7 Evaluation results

The standard performance measures of precision, recall, and F1 were used to evaluate our approach. Let TP be the number of true positives, that is, the number of personal names which both experts and the HMM (or FCA) agreed on. Let FN be the number of false negatives, i.e., the number of personal names which experts identified, but the HMM (or FCA) did not. We then define recall as

$$\begin{aligned} recall = \frac{TP}{TP + FN} \end{aligned}$$
(3)

Letting FP signify the number of false positives, i.e., those strings which the HMM (or FCA) marked as personal names but which experts did not, precision is defined as

$$\begin{aligned} precision = \frac{TP}{TP + FP} \end{aligned}$$
(4)

The harmonic mean of precision and recall is called the F1 measure, defined as:

$$\begin{aligned} F1 = \frac{2}{1 / precision + 1 / recall} \end{aligned}$$
(5)

A sample of 82 documents were selected randomly to test the performance of our HMM. These documents had total of 520 name instances.

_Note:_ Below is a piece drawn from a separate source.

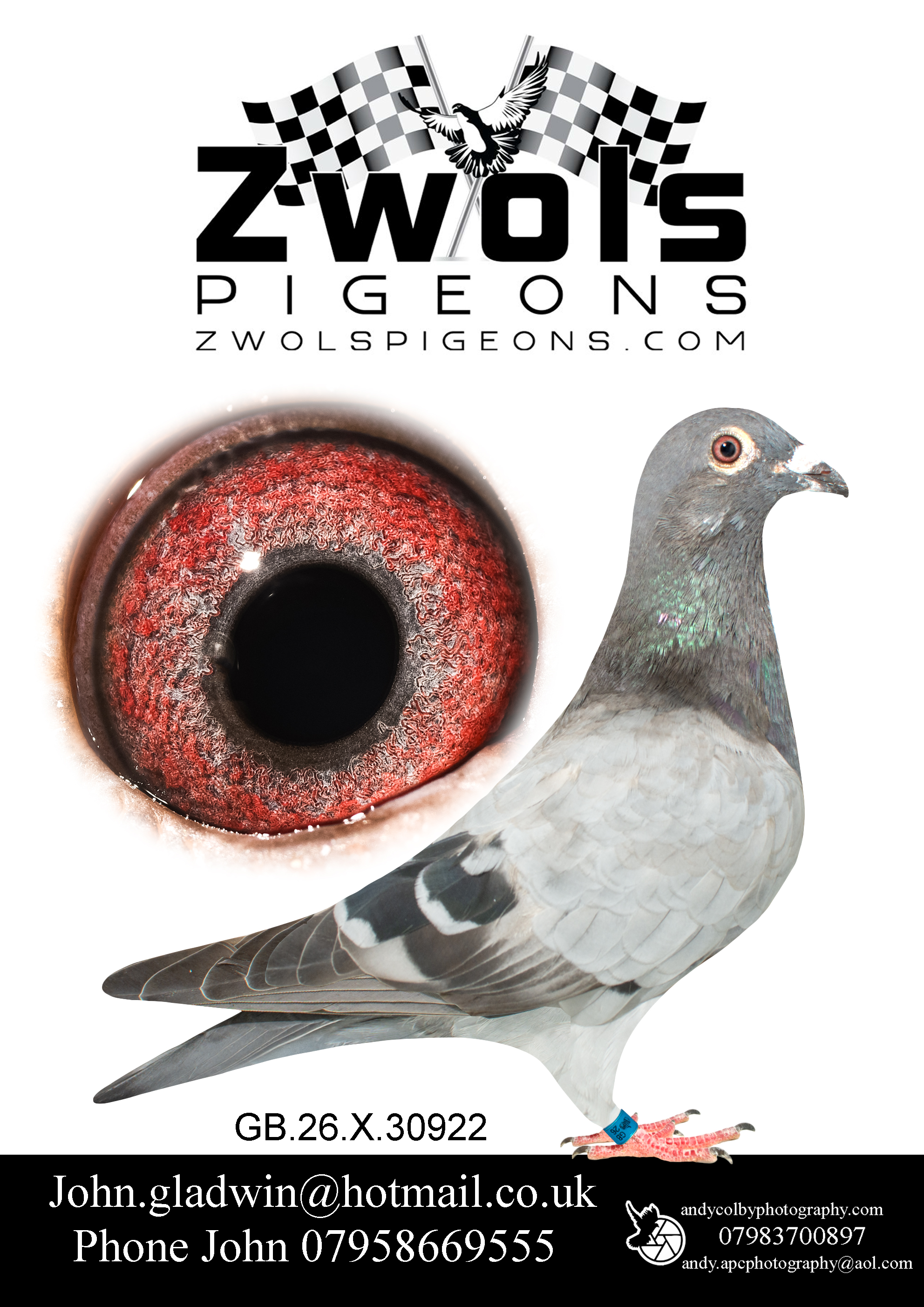GB26X30922. Blue Cock. Sonf Of Pied Amor and Grandson of D’Artagian! The Best of the Frans Zwols Bloodlines here.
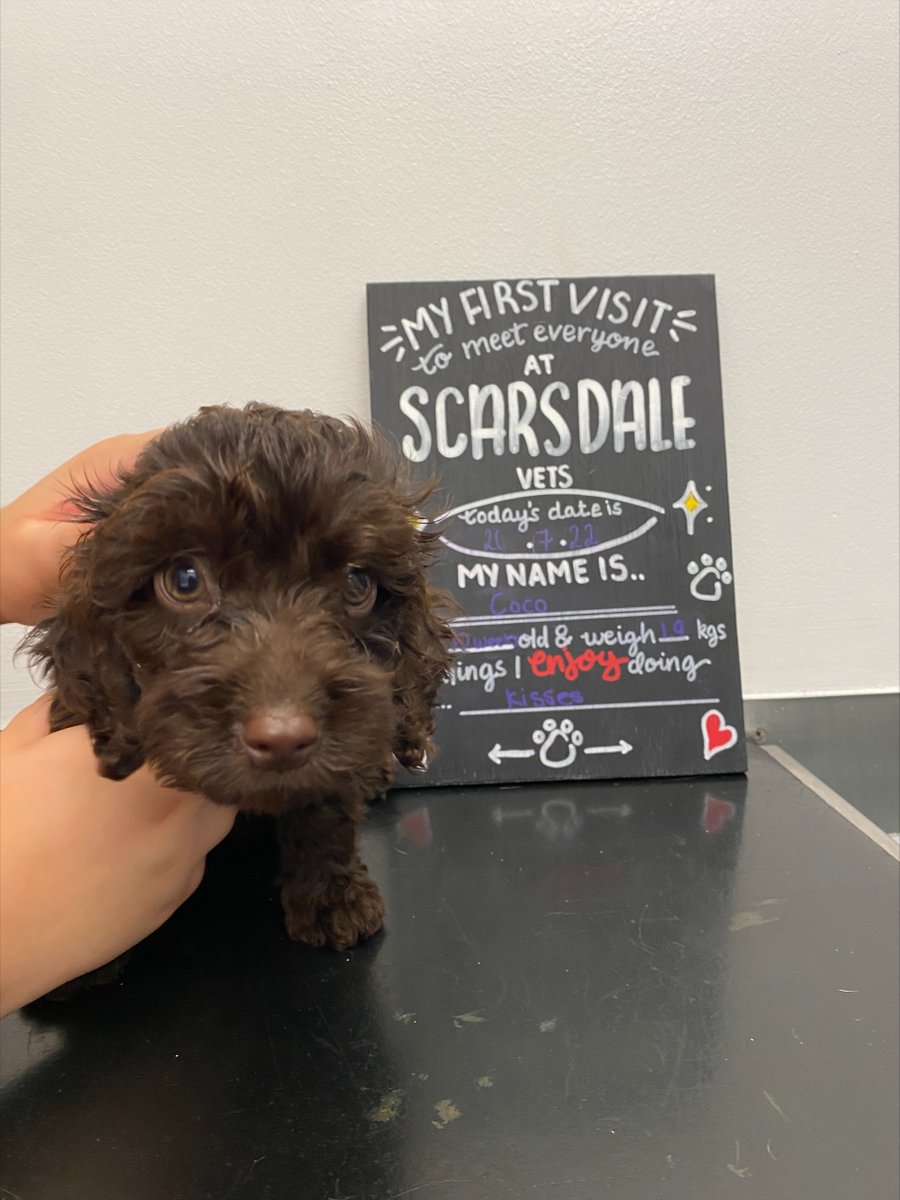 This is Coco, she came into our Stapenhill branch for her first visit!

In addition, there were many instances of handwritten names. Since these documents were OCR’ed, handwritten instances are ignored. There were 471 true positives, 49 false negatives, and 38 false positives. This yields a precision of 0.925, a recall of 0.902, and an F1 value of 0.919. The single greatest cause of false negatives were names with only one word.

As mentioned before, FCA help us design the topology of HMM. This design process distinguishes our HMM 3 from BBN’s name tagger 2.

8 Conclusion and future work

This paper is a summary of our work on the role of FCA in recognition of personal names. We also gave a summary of our approach for name extraction with HMM. The implementation of our approach uses a version of HMM to identify names in a collection of DOE documents. Our intention in writing this paper is to motivate the use of FCA for extraction of structured information from textual documents.

It is anticipated to extend this work on other entities for FCA. For example, we want to identify all the entities such as place, organization, date, and money as was proposed in MUC.

A more elaborate FCA can be used to identify entities such as date of birth, and home address [21]. This consequently can lead to the establishment of the association between individuals and their birth dates or addresses. It is anticipated to further report on the use of these types of FCA in our future work on privacy act classification.

Finally, one of the reviewers suggested a fuzzy FCA, in which attributes and objects have degrees of membership in concepts. We have observed that this idea can improve our work on the use of FCA for stemming [6]. We hope to report on this in the near future.